Son on yılın ödemeler dengesi gerçekleşmesine ilk yedi ay-son beş ay bazında bakınca şunu görüyoruz...

Bir kere bu on yılda özel yıllar var. 2018’de rahip krizi ve yılın ikinci yarısındaki küçülme, bu küçülmenin 2019’da da devam etmesi ve bu etkiyle cari fazla verilmesi, 2021’in ikinci yarısında faiz indirimiyle kurun tırmanması ve bu sayede cari dengede artıya geçilmesi...

Bu üç yıl dışında hiçbir yıl öyle bu yıl için varsayılana benzer bir denge oluşmamış.

2014-2022 döneminde 2018, 2019 ve 2021 hariç tutulduğunda toplam cari açığın yüzde 65’i ilk yedi ayda, yüzde 35’i son beş ayda verilmiş.

Durum bu! Bütün bu veriler ellerinde olan ekonomi yönetimimiz ne olacağını öngörerek tutmuş yılın son beş ayında adeta cari açık verilmeyeceği sonucuna varmış, bilmeyi gerçekten çok isteriz...

Temmuzların gümüş madalyası 2023 açığına!

Yaz ayları özellikle turizm gelirleri sayesinde az cari açık verilen, hatta kimi yıllar fazlayla kapatılan bir dönem.

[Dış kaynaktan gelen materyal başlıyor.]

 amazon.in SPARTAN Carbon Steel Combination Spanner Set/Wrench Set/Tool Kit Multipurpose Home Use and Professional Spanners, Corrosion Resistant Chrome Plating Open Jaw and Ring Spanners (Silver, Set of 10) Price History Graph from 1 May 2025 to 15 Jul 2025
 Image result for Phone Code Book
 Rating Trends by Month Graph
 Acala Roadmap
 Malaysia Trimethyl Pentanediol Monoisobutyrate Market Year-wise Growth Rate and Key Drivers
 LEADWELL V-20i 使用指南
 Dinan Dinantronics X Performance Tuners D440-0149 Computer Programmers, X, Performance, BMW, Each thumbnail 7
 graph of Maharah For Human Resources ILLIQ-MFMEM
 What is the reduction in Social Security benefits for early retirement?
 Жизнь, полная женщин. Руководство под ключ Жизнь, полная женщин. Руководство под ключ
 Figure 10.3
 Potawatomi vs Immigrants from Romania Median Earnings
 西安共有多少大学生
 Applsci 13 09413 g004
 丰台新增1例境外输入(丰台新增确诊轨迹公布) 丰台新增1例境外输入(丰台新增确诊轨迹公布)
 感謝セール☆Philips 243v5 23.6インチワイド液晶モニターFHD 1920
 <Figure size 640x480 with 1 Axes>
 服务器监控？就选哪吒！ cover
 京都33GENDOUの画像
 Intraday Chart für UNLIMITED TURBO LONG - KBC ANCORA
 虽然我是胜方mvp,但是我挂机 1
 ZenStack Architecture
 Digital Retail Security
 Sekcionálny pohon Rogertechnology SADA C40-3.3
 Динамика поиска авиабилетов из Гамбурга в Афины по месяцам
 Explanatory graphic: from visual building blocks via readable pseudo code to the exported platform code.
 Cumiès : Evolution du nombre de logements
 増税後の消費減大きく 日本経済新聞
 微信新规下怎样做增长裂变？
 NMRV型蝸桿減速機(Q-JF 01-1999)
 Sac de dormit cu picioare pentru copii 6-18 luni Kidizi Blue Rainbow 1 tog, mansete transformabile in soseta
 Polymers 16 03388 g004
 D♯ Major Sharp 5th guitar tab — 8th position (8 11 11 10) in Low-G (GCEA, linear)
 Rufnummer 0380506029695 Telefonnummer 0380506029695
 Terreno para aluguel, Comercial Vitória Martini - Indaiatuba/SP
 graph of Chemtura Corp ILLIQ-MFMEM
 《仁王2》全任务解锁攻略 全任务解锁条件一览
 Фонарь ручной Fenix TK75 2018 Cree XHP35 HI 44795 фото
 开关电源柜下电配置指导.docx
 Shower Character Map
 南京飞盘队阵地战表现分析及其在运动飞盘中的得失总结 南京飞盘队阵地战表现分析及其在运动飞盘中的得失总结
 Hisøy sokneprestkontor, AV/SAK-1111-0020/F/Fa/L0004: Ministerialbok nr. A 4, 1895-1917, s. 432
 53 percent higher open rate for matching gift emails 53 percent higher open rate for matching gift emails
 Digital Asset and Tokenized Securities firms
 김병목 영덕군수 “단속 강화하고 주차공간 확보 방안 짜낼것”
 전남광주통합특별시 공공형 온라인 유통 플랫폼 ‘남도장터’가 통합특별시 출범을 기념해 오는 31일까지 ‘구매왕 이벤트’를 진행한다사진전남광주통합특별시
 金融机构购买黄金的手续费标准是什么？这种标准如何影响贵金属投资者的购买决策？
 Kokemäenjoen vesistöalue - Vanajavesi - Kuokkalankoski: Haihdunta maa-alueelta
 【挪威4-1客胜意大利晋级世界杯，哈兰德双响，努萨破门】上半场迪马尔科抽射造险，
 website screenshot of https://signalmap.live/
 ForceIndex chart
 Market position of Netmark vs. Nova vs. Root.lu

Tabii ki bu çerçevede temmuz ayında da aynı durum beklenir.

Haziran ayında 651 milyon dolar fazla verilince doğan mutluluk çok kısa sürdü ve temmuz ayı 5.5 milyar dolar açıkla kapatıldı. Bu, temmuz ayları için çok yüksek bir açık.

Temmuz aylarının rekoru 5.6 milyar dolarla 2013 yılındaydı. Bu yılın temmuzu da 5.5 milyar dolarla gümüş madalyayı hak etti!

Temmuz ayı cari açığının bu düzeye çıkmasında en büyük etkiyi dış ticaret açığının artması yaptı. Ödemeler dengesindeki tanımıyla geçen yıl temmuzda 9.3 milyar dolar dış ticaret açığı bu yıl 10.5 milyar dolara yükseldi.

Turizm gelirinde hayal kırıklığı

Turizm ya da kitabi adıyla seyahat gelirleri temmuzda biraz hayal kırıklığı yarattı. Geçen yılın temmuzunda 4.9 milyar dolar olan gelir, bu yıl ancak 5.3 milyar dolara çıktı.

Öte yandan seyahat giderleri 326 milyon dolardan 544 milyon dolara yükseldi. Bunun sonucunda net gelir 4.6 milyardan ancak 4.8 milyara çıktı.

Finansman; akmasa da damlıyor!

Cari dengedeki 5.5 milyar dolarlık açığa karşılık brüt finansman kalemleri olarak nitelenen doğrudan yatırımlar, portföy yatırımları ve diğer kaleminden giriş 3.9 milyar dolar. Bu tutarın 2.8 milyarı rezerve eklenmiş. Denge ise net hata noksandaki pozitif 4.4 milyar dolarla sağlanmış.

En sağlıklı finansman kalemi tartışmasız doğrudan yatırımlar ama bize doğrudan yatırım geldiği de yok, geleceği de yok. Hele hele gayrimenkul satışını bu kalemden düşsek, geriye neredeyse bir şey kalmıyor.

Portföy yatırımları da yeni yeni gelmeye başladı.

Geriye kalıyor diğer kalemler, yani ağırlıkla borçlanma.